Maker is a unique Defi crypto lending platform that allows borrowing only DAI tokens. DAI is a stablecoin whose value is pegged to US dollars. Anyone can use the Maker to open a vault, lock in collateral like ETH or BAT, and generate DAI as a debt against that collateral. It encourages users to participate in operational earnings through governance fees, which act as interest rates for the network.
DAI can be borrowed up to 66% of the user’s collateral value. If the vault falls below the fixed rate, it becomes subject to a 13% penalty and liquidation to bring the vault out of default. At a 3% discount, liquidated collateral is sold in an open market.
MKR, Maker’s other token, serves as the last line of defense in the event of a black swan event. If the collateral value begins to fall, MKR is minted and sold on the open market in order to raise more collateral, thereby diluting MKR holders.

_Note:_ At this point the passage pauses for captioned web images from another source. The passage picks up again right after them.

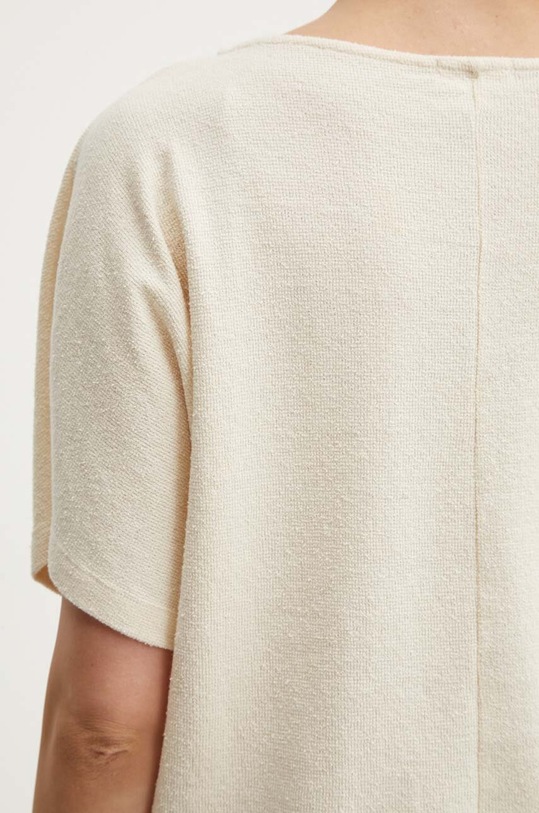 American Vintage t-shirt in cotone TEE-SHIRT MC COL BATEAU SOT02AE24 beige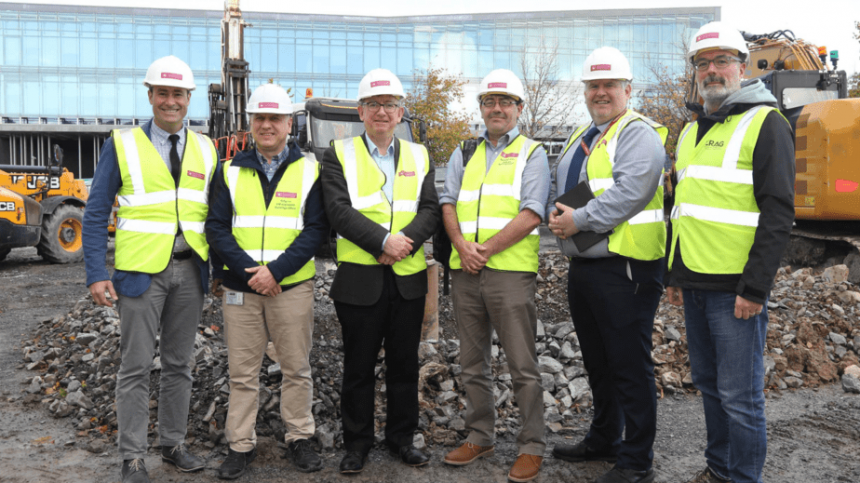 Works underway on geothermal project for University of Galway Sports Centre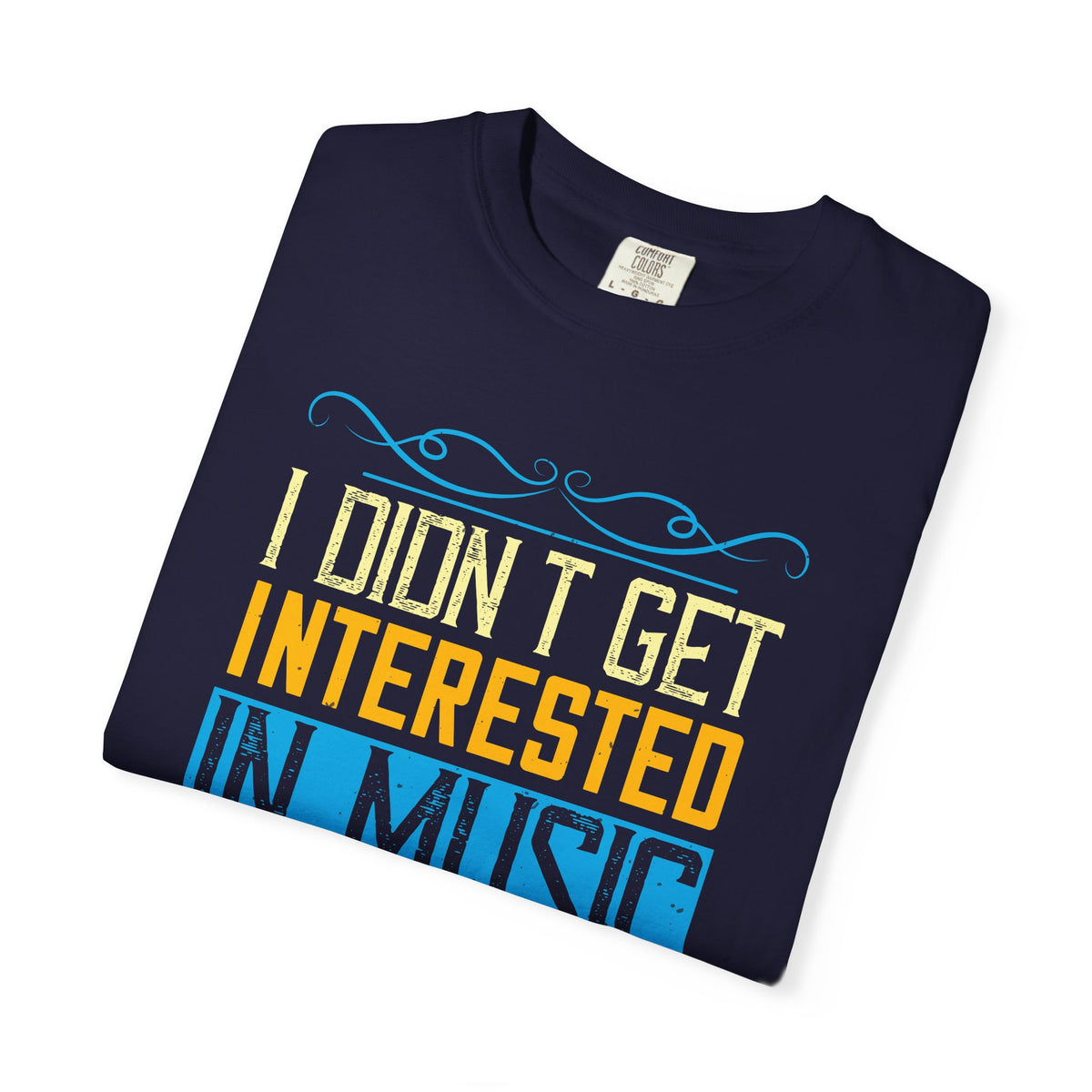 Rock Music Graphic Unisex Heavy Cotton Art Designed T-Shirt m5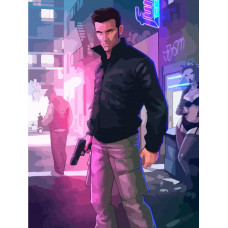 Живопись по номерам Бруталити игра Grand Theft Auto 5375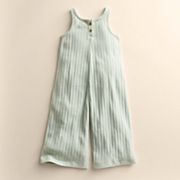 Детский комбинезон Henley от Little Co. by Lauren Conrad без рукавов, из 58% органического хлопка, с застежкой и свободным кроем Little Co. by Lauren Conrad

Maker’s Oasis Portal is the most popular place to use MakerDAO, as it allows you to open, manage, and review vaults, deposit DAI into DSR (DAI Savings Rate), and view updated stats on the entire Maker system.
Market Cap: $280,98M
Kava was founded in 2018 by Brian Kerr, Ruaridh O’Donnell, and Scott Stuart. Kava is one of several emerging decentralized finance (DeFi) projects. However, while most DeFi projects run on Ethereum, Kava is built on Cosmos, which its team claims add additional functionality.
Users of its platform can borrow loans denominated in USDX, a cryptocurrency pegged to the value of the US dollar, by locking cryptocurrencies into smart contracts on Cosmos.
Kava uses a Cosmos feature called zones to manage the crypto assets it accepts, which are then run in programs on separate networks. This allows the project to expand the number of crypto assets available to borrowers, including XRP, BNB, and BTC, among others.
Users receive weekly rewards in the form of KAVA, Kava’s cryptocurrency, by collateralizing cryptocurrencies to mint USDX. The total amount of KAVA received by users is determined by the type of collateral used and the amount of USDX minted. Minters who use BNB as collateral, for example, receive a share of the 74,000 KAVA that the platform issues weekly.
Market Cap: $262.71M
Compound was founded in 2017 by Robert Leshner and Geoffrey Hayes, both of whom had previously held high-level positions at Postmates, an online food delivery service.
Another popular, openly accessible smart contract built on the Ethereum blockchain is The Compound. It enables both borrowers and lenders to bind their crypto assets to the protocol.
Unlike other DeFi lending platforms, it allows the tokenization of assets stored in its system using cTokens. Users can trade assets they have locked on the platform thanks to tokenization.
Consequently, when you deposit ETH, you get a cToken, which can be used as collateral. The COMP token, on the other hand, is its DeFi token. It does, however, support a diverse set of nine Ethereum-based assets, including BAT, DAI, SAI, ETH, REP, USDC, WBTC, USDT, and ZRX.
Its DeFi lending and borrowing rates vary depending on the supported currency. Borrowing and lending rates on the platform are 2.63% and 0.86% for a 30-day period as of December 6, 2022.
Market Cap: $99.63M
The founder and CEO of DYDX is Antonio Juliano, an experienced programmer with a background in blockchain technology.
Margin trading, options, and derivatives, which are normally found in fiat markets and are common in traditional investments, were introduced to the blockchain space by dYdX. Users can trade, lend, and borrow ETH, DAI, and USDC on the platform.
It also offers cross-margin trading and isolated margin trading, as well as using a perpetual market contract of BTC/USDC with 10x leverage. The platforms’ loans are based on 125% collateral and 115% self-liquidation.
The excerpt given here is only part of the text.